Montañez, however, is disputing the L.A. Times report, claiming he was the company’s “greatest ambassador.” Also, following pressure from some in the Latino community, Frito-Lay parent company, PepsiCo, issued a statement, praising Montañez for creating “new product ideas” and affirming that his career with the company was “far from being an urban legend.”
Yet PepsiCo did not retract its earlier assertions debunking Montañez’s tie to the Flamin’ Hot line. Instead, it reiterated that the company cannot “draw a clear link” between Montañez’s team and the separate group that developed Flamin’ Hot Cheetos.
Despite these serious issues, the Global Leadership Summit (GLS) is sticking with the popular motivational speaker, who reportedly gets paid $10,000 to $50,000 per engagement. Montañez remains listed as a speaker for the Summit August 5-6, which will be livestreamed to 650 host sites and online.

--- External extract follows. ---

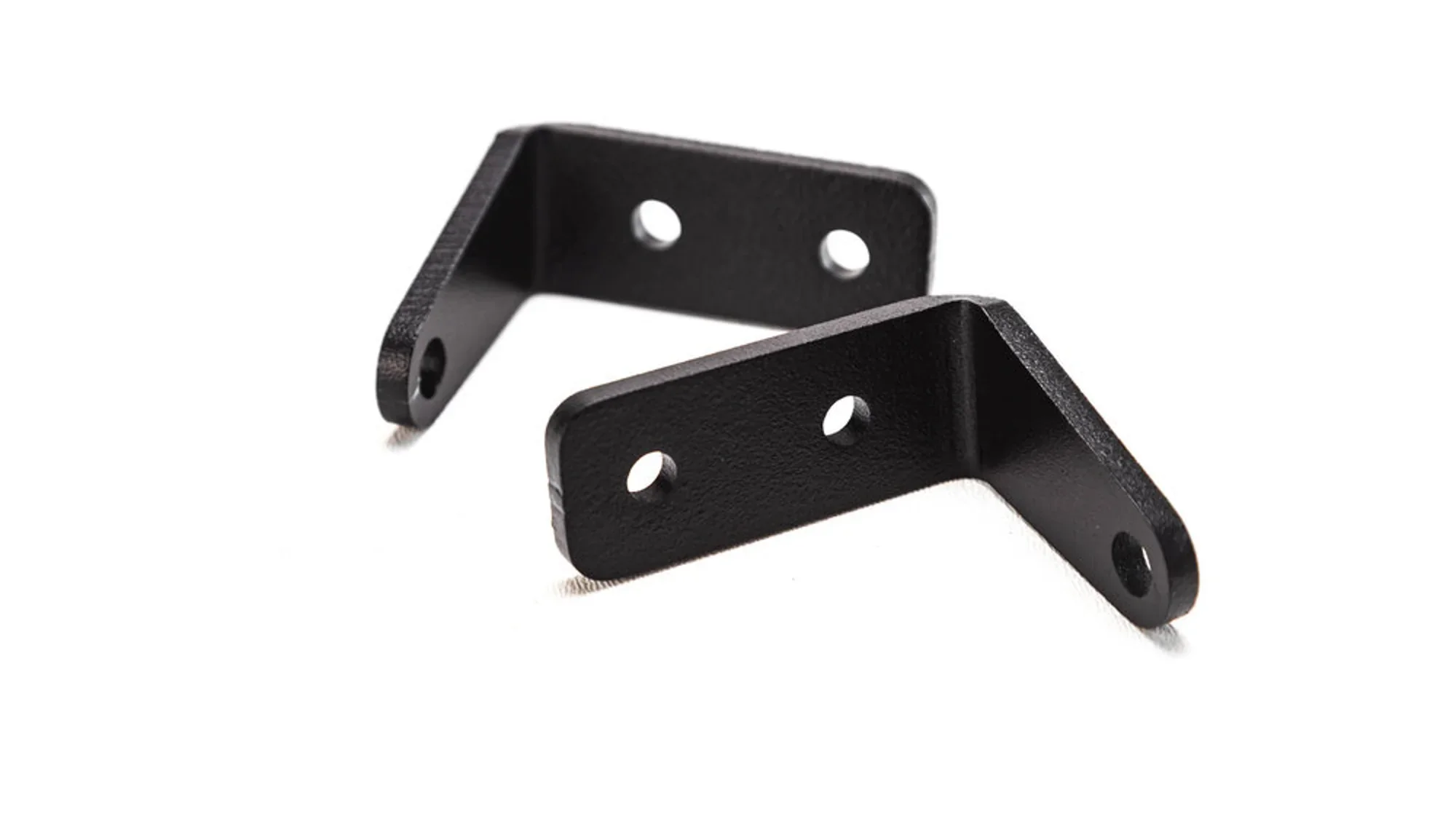 Sherpa Light Bar Mounts - Image 6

GLS, however, has changed Montañez’s bio posted at its website.
An archived March 1, 2021, version of Montañez’ bio at the GLS website refers to Montañez as “Inventor of Flamin’ Hot Cheetos” and states: “While working at Frito-Lay as a janitor early in his career, Richard Montañez developed the ingenious idea for Flamin’ Hot Cheetos—now the Flamin’ Hot line is a billion-dollar business and cultural phenomenon.”
Montañez’s original bio at GLS Website:
The revised bio, however, refers to Montañez as the “Godfather of Flamin’ Hot Cheetos.” And the line about Montañez creating Flamin’ Hot Cheetos while working as a janitor has been removed.
Montañez’s revised bio at GLS Website:
The Roys Report reached out to the Global Leadership Network, which hosts the Summit, on Monday for comment, but did not receive a response by time of publication.
Questions about upcoming biopic
The controversy about Montañez is also creating issues for the team producing a new biopic about Montañez’ life, called Flamin’ Hot, which was scheduled to begin filming this summer.
DeVon Franklin, whose faith-based blockbusters include Miracles from Heaven and Heaven is for Real, was slated to produce the film with Searchlight Pictures. Eva Longoria was announced as the film’s director.
Since the revelations about Montañez have published, there’s been very little talk about the film.
The Roys Report reached out to Creative Arts Agency, which represents Franklin, asking whether the film is still moving forward. Creative Arts Agency responded via email, stating, “Unfortunately, we do not have any information at this time.”
We also contacted Searchlight Pictures about the film but did not hear back.
A book about Montañez’s life called, Flamin’ Hot: The Incredible True Story of One Man’s Rise From Janitor to Top Executive, published on June 15. The book is still available in bookstores and on Amazon.
The Roys Report reached out to the publisher of Flamin’ Hot—Portfolio, a division of Penguin Books—for comment, but Portfolio did not respond.